Noc w policyjnej celi spędził 29-latek, którego zatrzymali wczoraj łukowscy kryminalni. Mężczyzna ukrywał się od soboty po tym jak volkswagenem potrącił policjanta jadącego motocyklem. Wczoraj natomiast uciekając przed funkcjonariuszami omal nie rozjechał jednego z nich i uderzył w policyjny radiowóz.
W sobotnie popołudnie patrolujący motocyklami drogi powiatu policjanci z łukowskiej drogówki postanowili zatrzymać do kontroli kierującego samochodem marki Volkswagen Passat. Mężczyzna kierujący autem nie zareagował na sygnał nakazujący mu zatrzymanie auta i z bardzo dużą prędkością odjechał w kierunku Krynki.
Policjanci używając sygnałów uprzywilejowania ruszyli w pościg za uciekającym volkswagenem. Mężczyzna kierujący autem cały czas zajeżdżał drogę policyjnym motocyklistom, nie pozwalał by go wyprzedzili. Mimo zabiegów uciekiniera jeden z motocyklistów rozpoczął wyprzedzanie jadącego z bardzo dużą prędkością volkswagena.
Kierujący autem widząc, że nie ma szans na ucieczkę, z premedytacją gwałtownie skręcił w lewą stronę uderzając w jadący obok niego policyjny motocykl. Kierujący jednośladem policjant upadł wraz z motocyklem na jezdnię, wpadł pod rozpędzonego volkswagena. Po kilkudziesięciu metrach motocykl wraz z policjantem zatrzymał się na jezdni. Kierujący volkswagenem po tym, jak potrącił policjanta, nie zatrzymał się i z bardzo dużą prędkością odjechał w kierunku dróg sąsiedniego powiatu. Rannym policjantem zajął się jego kolega z patrolu. Na szczęście okazało się, że obrażenia jakich doznał funkcjonariusz nie zagrażają jego życiu.
Mundurowi szybko ustalili tożsamość sprawcy. Funkcjonariusze ustalili też, że poszukiwany przez nich 29-latek z gminy Łuków do swojego volkswagena zamontował tablice rejestracyjne z innego auta. Wyjechał do sąsiedniego województwa aby tam się ukryć. Szybko namierzyli jego kryjówkę.

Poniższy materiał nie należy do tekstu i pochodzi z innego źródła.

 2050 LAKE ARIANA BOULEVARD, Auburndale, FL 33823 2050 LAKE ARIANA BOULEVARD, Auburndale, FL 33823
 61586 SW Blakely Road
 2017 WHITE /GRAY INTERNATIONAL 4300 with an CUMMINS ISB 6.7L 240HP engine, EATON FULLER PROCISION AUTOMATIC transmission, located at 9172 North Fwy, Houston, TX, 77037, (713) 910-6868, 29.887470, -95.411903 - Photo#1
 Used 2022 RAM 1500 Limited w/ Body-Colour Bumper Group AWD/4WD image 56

Wcześniej potrącił policjanta, a teraz staranował radiowóz
Funkcjonariusze jadąc po niego zauważyli, że właśnie wyjeżdża z posesji samochodem marki Nissan. 29-latek ponownie nie zareagował na znak nakazujący mu zatrzymanie pojazdu i znów z bardzo dużą prędkością odjechał autem. Policjanci z zachowaniem wszelkich środków ostrożności pojechali za uciekającym nissanem, o jego trasie informowali innych funkcjonariuszy.

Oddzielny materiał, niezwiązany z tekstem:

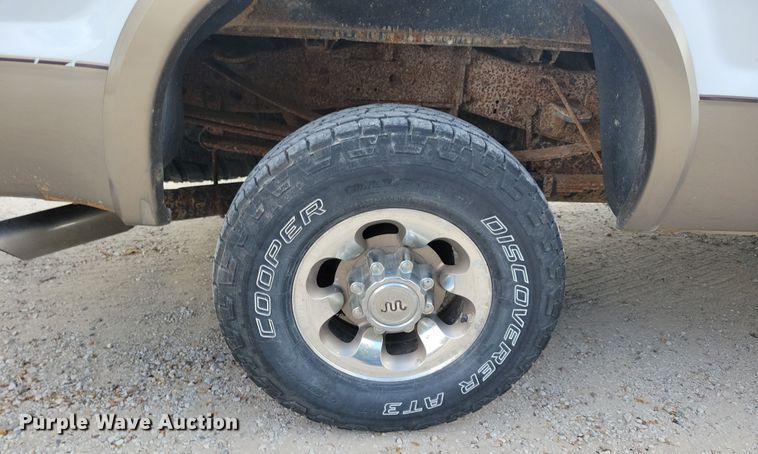 image for item DN3550 2003 Ford F350 Super Duty King Ranch Crew Cab pickup truck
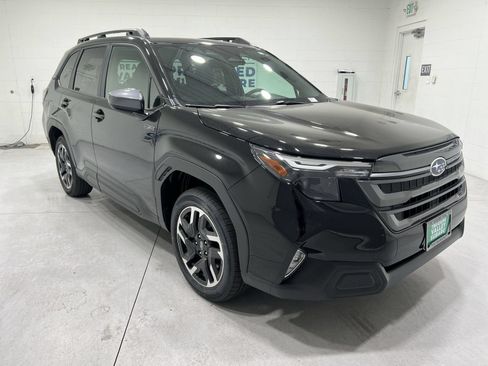 Used 2026 Subaru Forester Premium AWD/4WD image 2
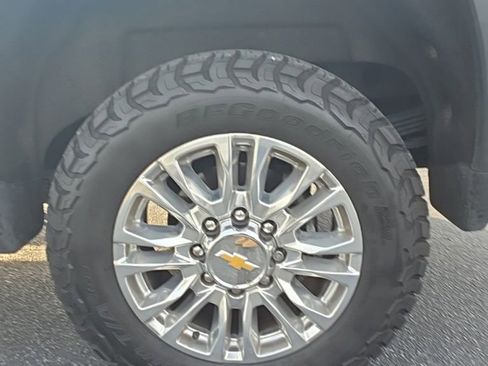 Used 2022 Chevrolet Silverado 2500 High Country w/ Z71 Off-Road Package image 19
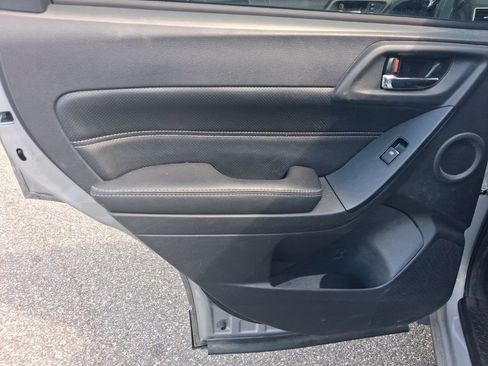 Used 2018 Subaru Forester 2.5i Touring image 29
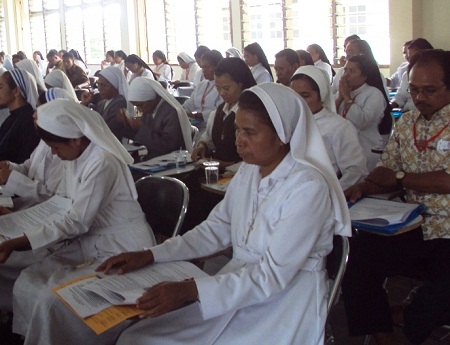 Première Semaine de Vie Consacrée en Indonésia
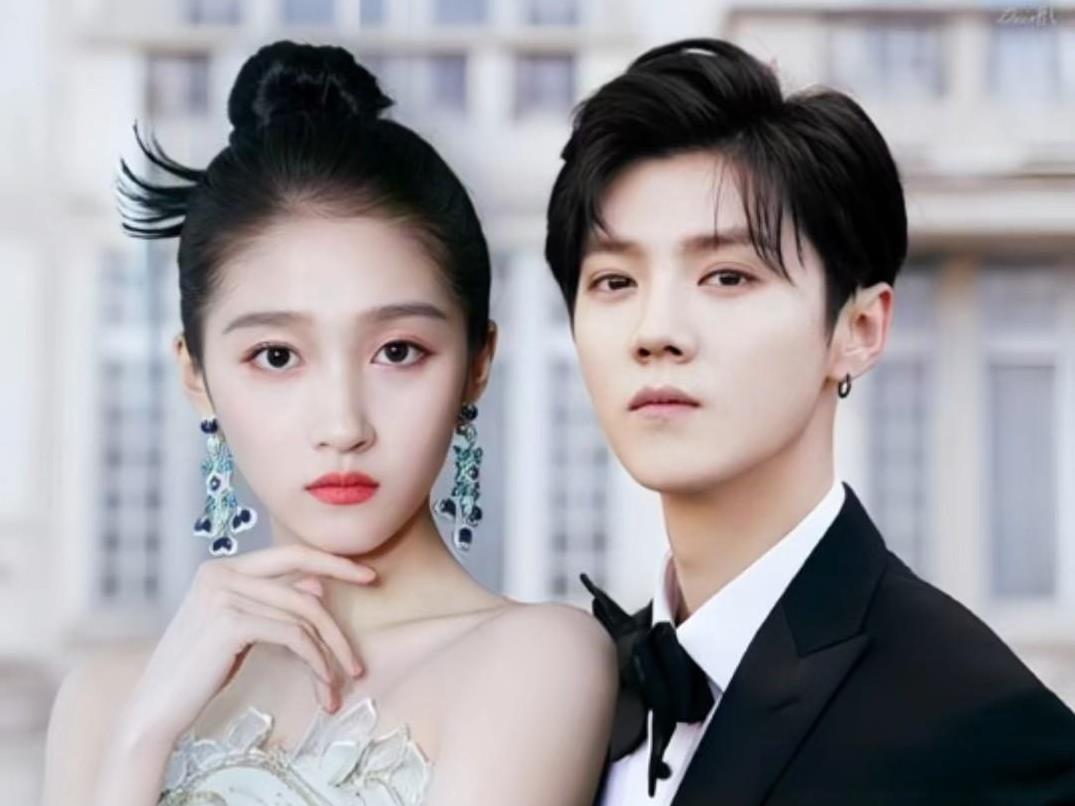 陈晓陈妍希离婚后，网友猜测，下一对应该是关晓彤和鹿晗了。
自从去年开始，这俩人分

Zdesperowany, uciekający nissanem 29-latek znów z premedytacją chciał rozjechać umundurowanego policjanta. Tylko spryt i zimna krew uchroniły mundurowego od potrącenia przez rozpędzone auto. Jednak nissan uderzył w oznakowany radiowóz. Nie zważając na zagrożenia 29-latek w dalszym ciągu próbował uciec przed policjantami. Po chwili jego auto zostało zablokowane przez policyjne samochody, 29-latek „wpadł” w ręce funkcjonariuszy. W nissanie był też 23-letni kolega poszukiwanego.

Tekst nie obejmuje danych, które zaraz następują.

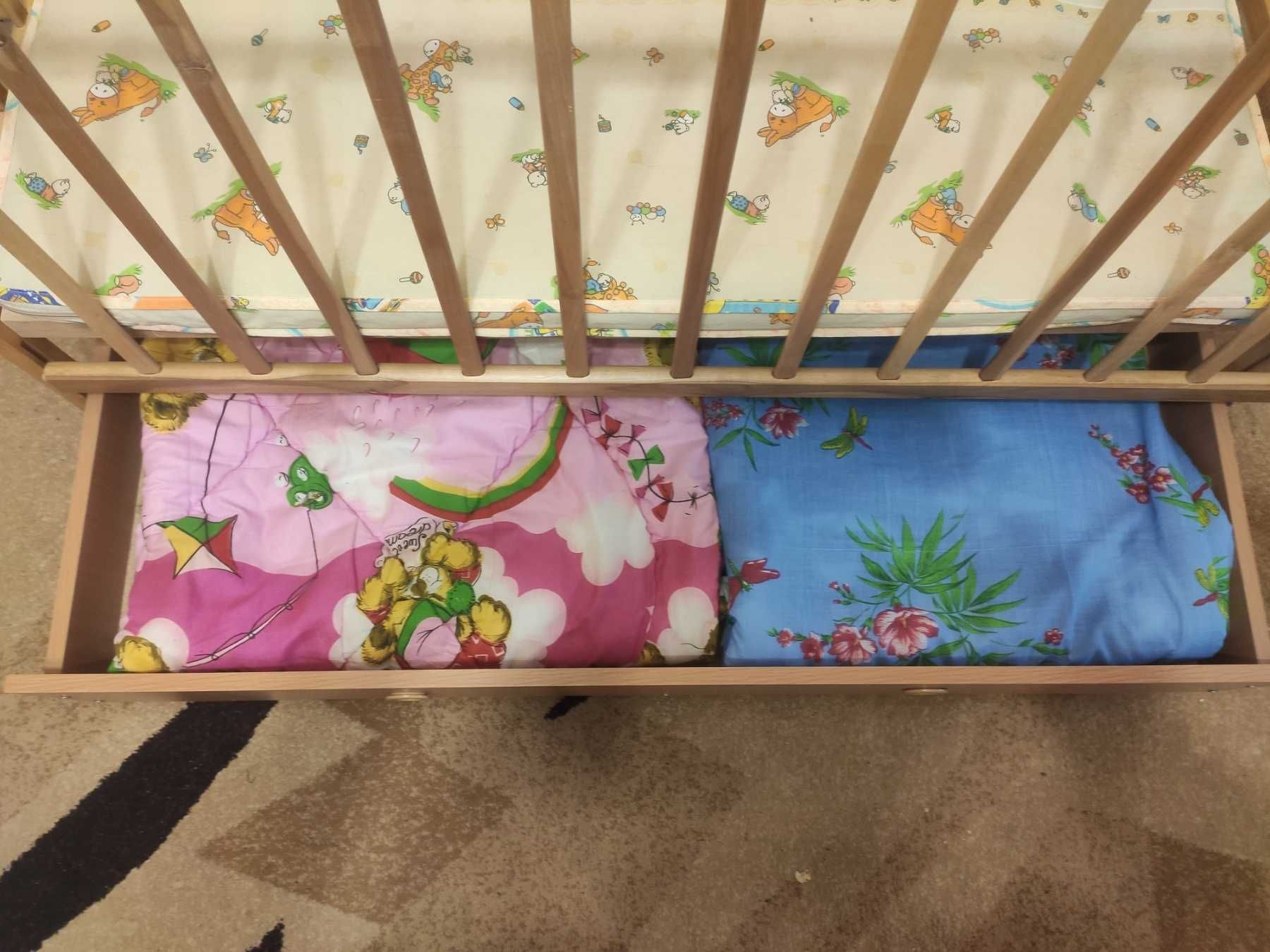 Детская кроватка с ящиком,матрас и два одеялка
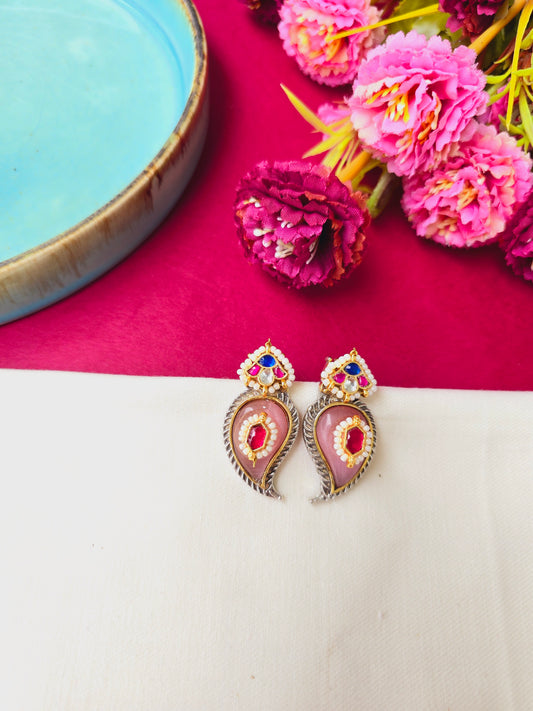 Pachi kundan studs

Czytaj także: Zwłoki księdza na plebani. Policja wyjaśnia tajemniczą śmierć
Sprawdzając wnętrze nissana funkcjonariusze znaleźli w nim kilka gramów haszyszu. Policjanci ustalili też, że volkswagen passat, którym 29-latek potrącił policjanta, ukryty jest w budynku gospodarczym na terenie gminy Trzebieszów. 29-latka i jego kolegę zatrzymano.